* The problem:
Copy the listing verbatim, excluding any images found in it.

* Information supplied:
####
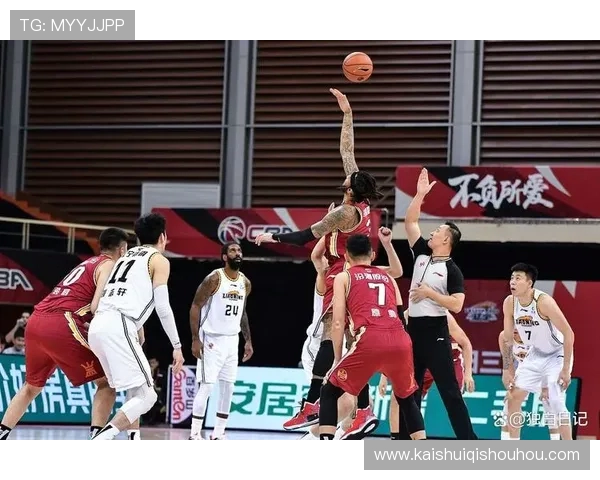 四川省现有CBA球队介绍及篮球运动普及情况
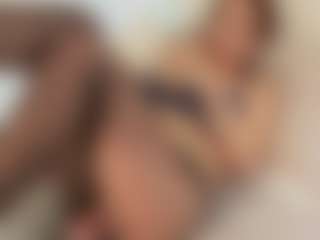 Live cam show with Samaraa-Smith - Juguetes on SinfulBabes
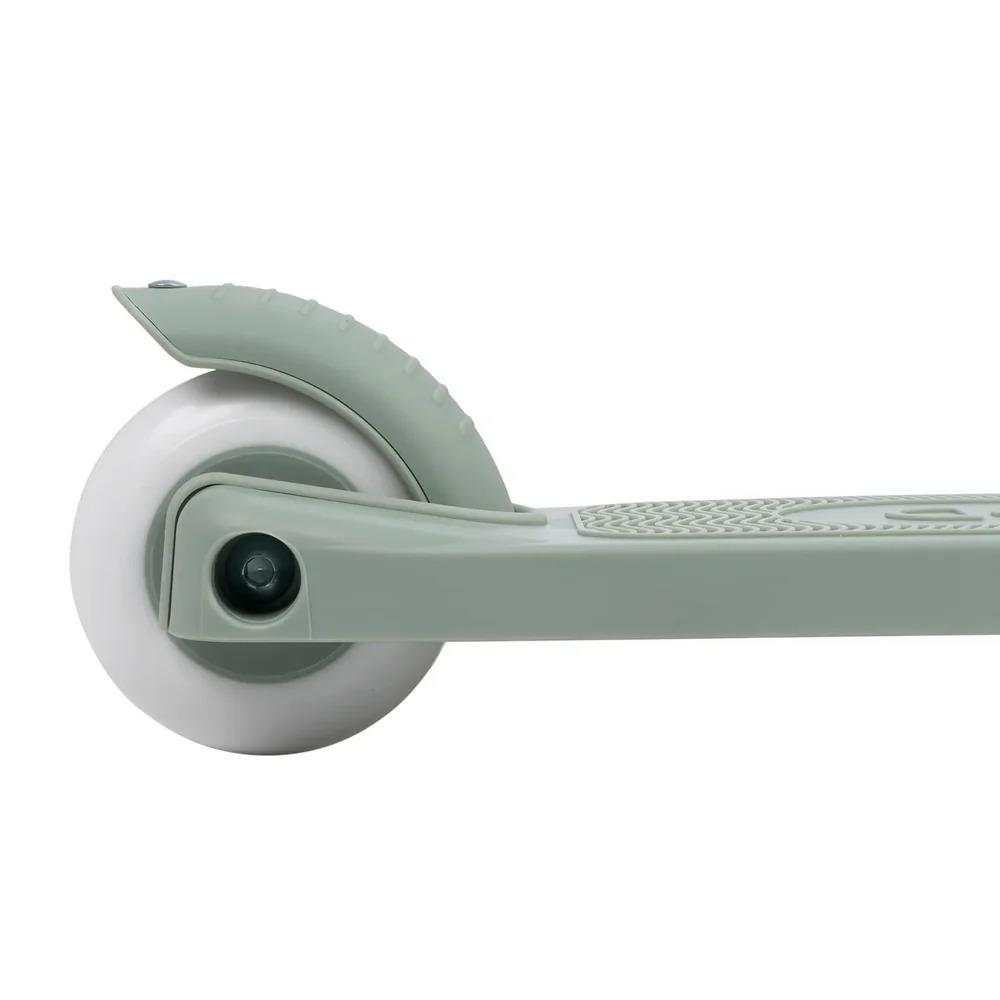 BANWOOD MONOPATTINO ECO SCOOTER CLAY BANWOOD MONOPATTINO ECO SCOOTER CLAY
####
* Solution for this problem:
 四川省现有CBA球队介绍及篮球运动普及情况
 Live cam show with Samaraa-Smith - Juguetes on SinfulBabes
 BANWOOD MONOPATTINO ECO SCOOTER CLAY BANWOOD MONOPATTINO ECO SCOOTER CLAY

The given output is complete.